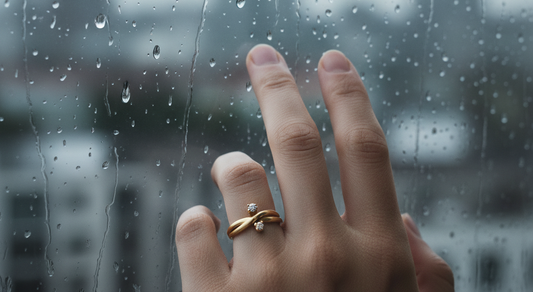 Bague Dream : Le secret pour choisir la bague qui vous rappelle de ne jamais arrêter de rêver (même sous la pluie).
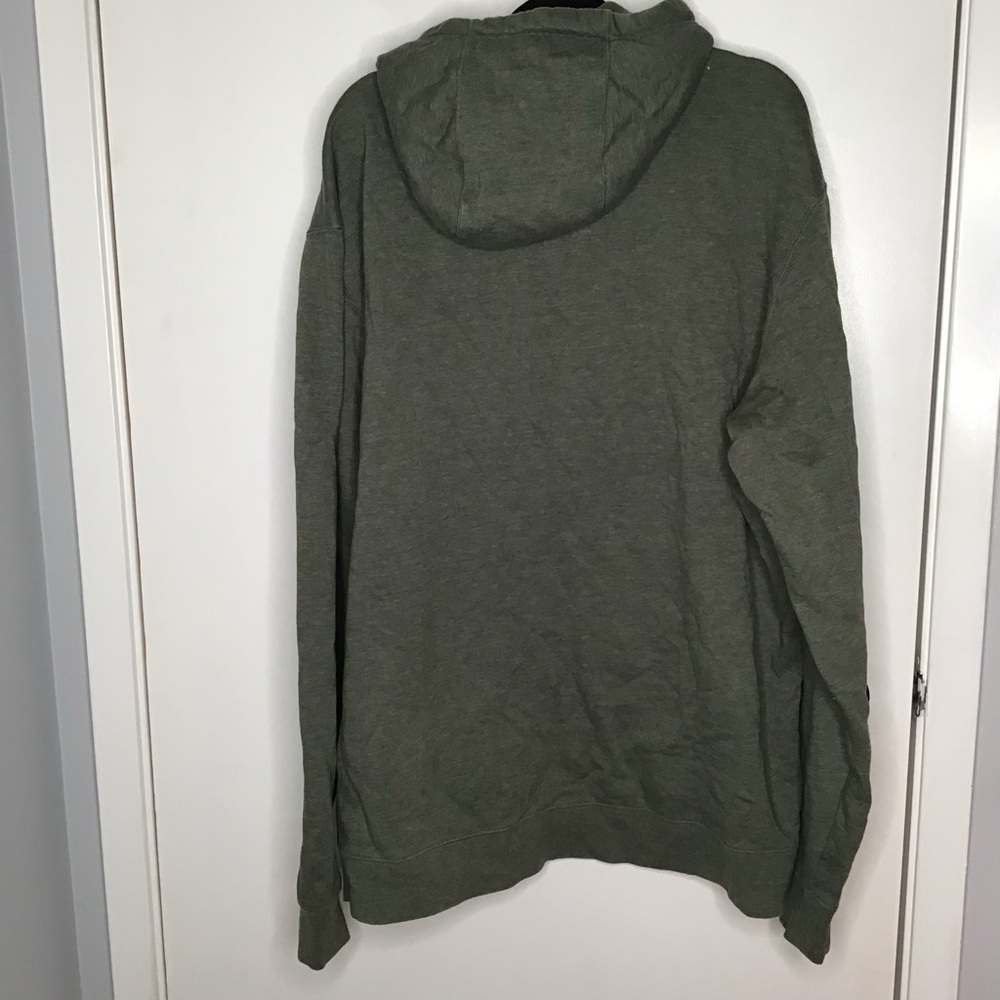 Marmot Green Hoodie XXL Pre-Loved Excellent Condition - Picture 9 of 10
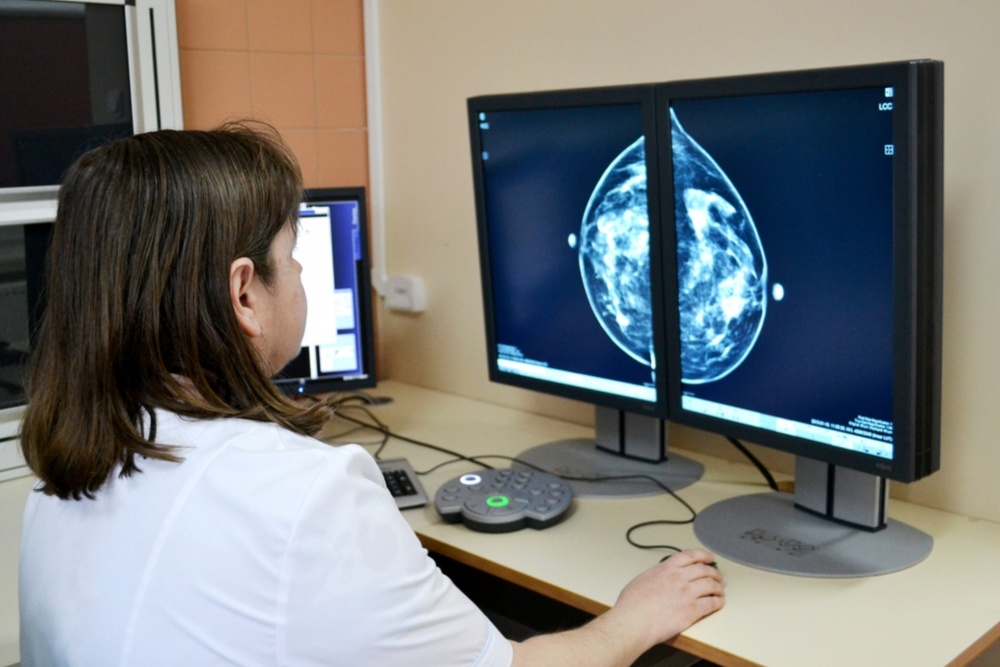 Mammografiaa
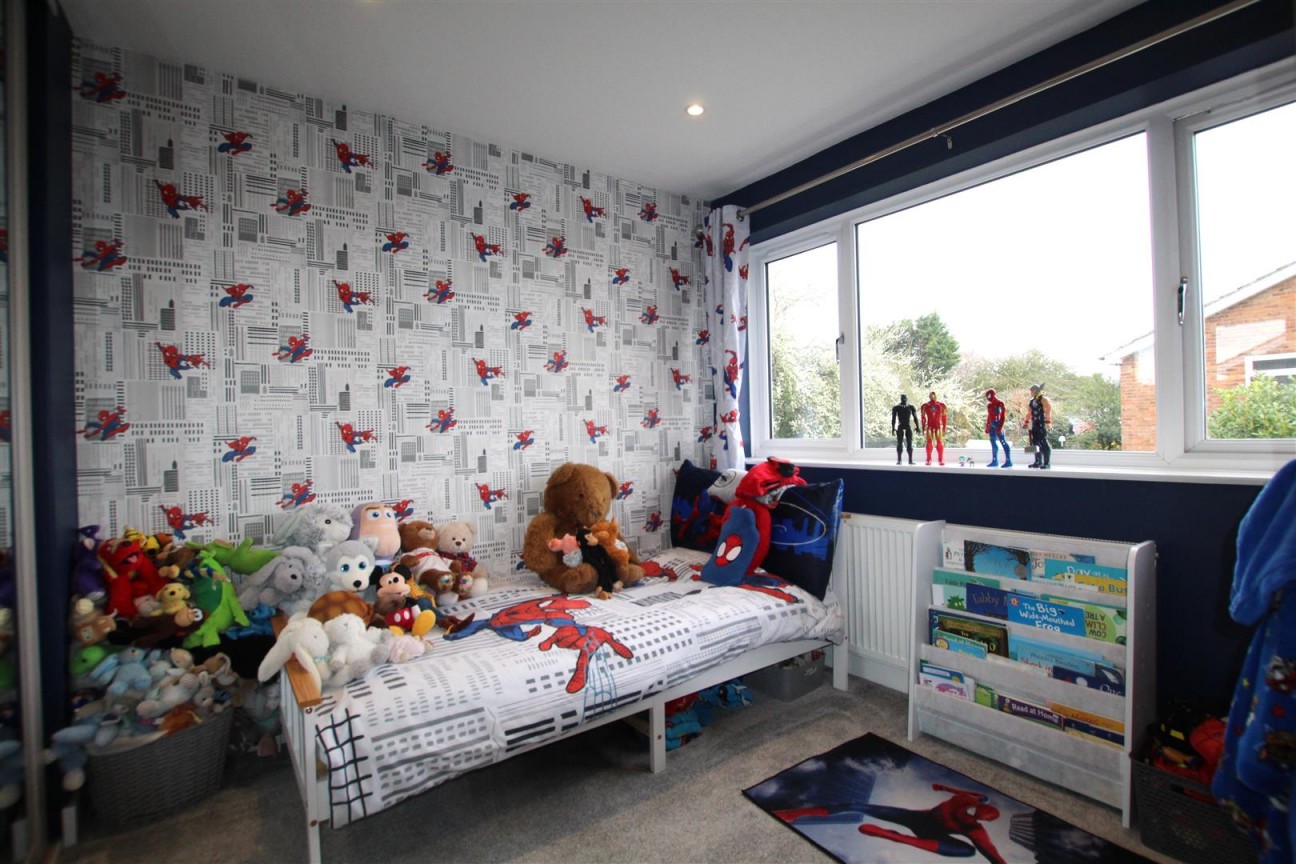 Heathcote Drive, Sileby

________________________

EXERCISE: Using the listing above, copy exactly the lines from the one that contains "Marmot Green Hoodie" through its last line, both included, but not the pictures.

EXERCISE ANSWER:
 Marmot Green Hoodie XXL Pre-Loved Excellent Condition - Picture 9 of 10
 Mammografiaa
 Heathcote Drive, Sileby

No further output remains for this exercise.